Japan doesn't do vegan much. And yet, this wholly vegan broth is the finest no-meat broth in town—with a black bean miso aged 8 months until the ferment grows into its character, with still more earthy depths in the form of truffle, shiitake and lightly smoky hoji tea, amid that riot of ferment and the gentle herbal notes of Chinese chive.

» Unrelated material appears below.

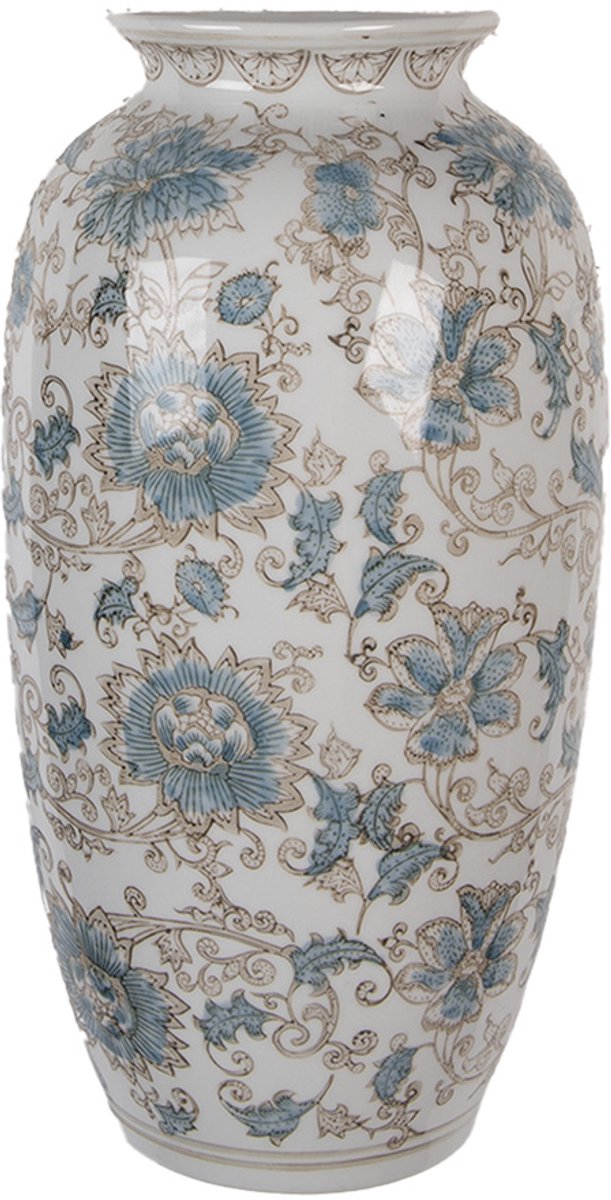 Clayre & Eef Vaas 19x10x38 cm Wit Blauw Keramiek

Honorable mention: Until last month, I would have sent you straight to Biwa spinoff Noraneko in the Water District, whose shiitake broth was up to then the richest and most satisfying vegan broth I've had—though I prefer to unvegan it with Noraneko's baconesque chashu and delightfully salty seasoned egg.

Tsukemen

Chicken tsukemen at Kizuki ($10)

Tsukemen has a thick noodle used for dipping into a much-condensed broth. It's a strangely addictive ritual, accentuated by glutinous noodle and density of flavor, with greens and chashu also there for the dipping. You have shio and tonkotsu options, but Kizuki's rich chicken broth is its true treasure. Once you're done, pour in clear broth as dilution and drink your soup.

Abura soba

Abu ramen at Shigezo Kichinto and Yataimura Maru ($10, $5 at happy hour)

Abura soba, "oily ramen," dates back to the '50s and is much, much better than the name would have you believe. The abu ramen at Shigezo, introduced at its Minizo cart, is perhaps the best thing Shigezo makes, a lovely soft-egg-sopped, chashu-thick ramen drenched in salty-sweet soy kaeshi and chili oil. Think of it as soy-chili ramen carbonara.

Italian miso at Yama (Joe Riedl)
Italian miso at Yama (Joe Riedl)

Wild-style

Italian miso at Yama ($11.95)

There is no reason for a Parmesan-cheese, Italian-spiced "Bolognese" beef ramen to exist—it's like one of those alternate histories written by Newt Gingrich. And yet here we are, slurping a beefy, cheesy world ripe with miso ferment and satisfyingly alkaline, springy noodles. Can it really be wrong when it feels so right? The answer, when it comes to ramen, is always no.

Ramen shops visited:

Afuri, Akasuru, Boke Bowl, Boxer Ramen, House of Ramen, Kayo's Ramen Bar, Kizuki, Marukin, Masu Sushi, Mirakutei, Noraneko, Ramen Ryoma, Shigezo Kichinto, Shigezo Yataimura Maru, Yama Sushi and Izakaya, Yuzu.